The 72-word door

The Word

If dictionaries are tools for clarity, why is their writing so tortured?

June 19, 2011|By Ben Zimmer

ON HER WAY to an impressive victory at the Scripps National Spelling Bee earlier this month, Pennsylvania eighth-grader Sukanya Roy had to navigate some mind-numbingly intricate words — with equally intricate definitions.

Amphistylar? Jacques Bailly, the official pronouncer at the bee, defined the adjective for Roy as “marked by columniation consisting of free columns in porticoes either at both ends or at both sides of the structure and across the full ends or sides.”

Rapakivi? That’s “a coarse red granite quarried in Finland having curious ovoid ringed feldspars composed of central cores of orthoclase surrounded by a shell of oligoclase and being much used for building in northern Russia.” Of course!

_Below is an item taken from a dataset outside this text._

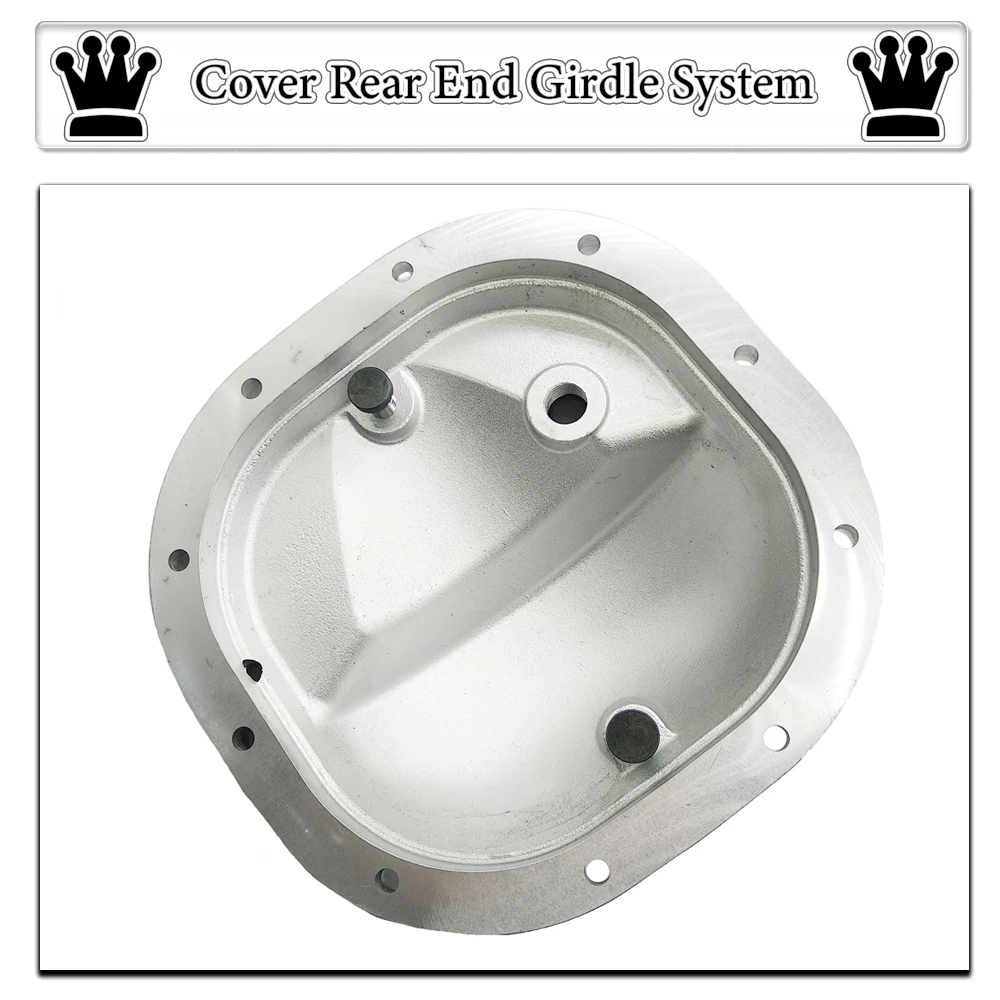 Aluminum Differential Cover Rear End Girdle System W/ Gasket & Bolts Fit for 1979-2004 8.8 Ford Mustang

For the home viewers watching the competition unfold on ESPN, the words Roy had to spell might have been unfamiliar, but the language of the definitions probably rang a bell. If you’ve ever spent much time consulting a modern unabridged dictionary, you might have noticed the peculiar phrasings and tone of its definitions — each one winding its way from a general opening through a litany of complex details in a single, sometimes unmanageable, phrase. And you might have wondered: If dictionaries are intended to illuminate, why can the definitions sound so convoluted?

This style, it turns out, has an origin: Webster’s Third New International Dictionary Unabridged, known as “W3” to its friends. First published in 1961 by Merriam-Webster of Springfield, Mass., the 2,800-page behemoth has become the model for our idea of dictionary-ese, for better or for worse.

Recently in Montreal, at the biennial conference of the Dictionary Society of North America, lexicographers commemorated the 50th anniversary of W3, complete with two dictionary-shaped cakes for the occasion. And the Scripps Bee itself is an annual celebration of W3, since as the competition’s official dictionary it is the source of all of the words, pronunciations, and definitions.

At the time of its publication, however, W3 was excoriated more than it was praised. Editorialists at The New York Times and elsewhere took the dictionary’s editor Philip Gove to task for what they saw as its overly permissive attitude toward nonstandard items like ain’t and irregardless. The usage expert Wilson Follett went so far as to call the release of W3 “a very great calamity” for the English language in an overwrought attack in The Atlantic entitled “Sabotage in Springfield.”

From today’s perspective, the most noteworthy move by Gove and his staff was not the inclusion of contentious words like ain’t. (Critics often failed to notice that the second edition of the dictionary, published in 1934, had already made room for ain’t.) Rather, it was the way it phrased its definitions.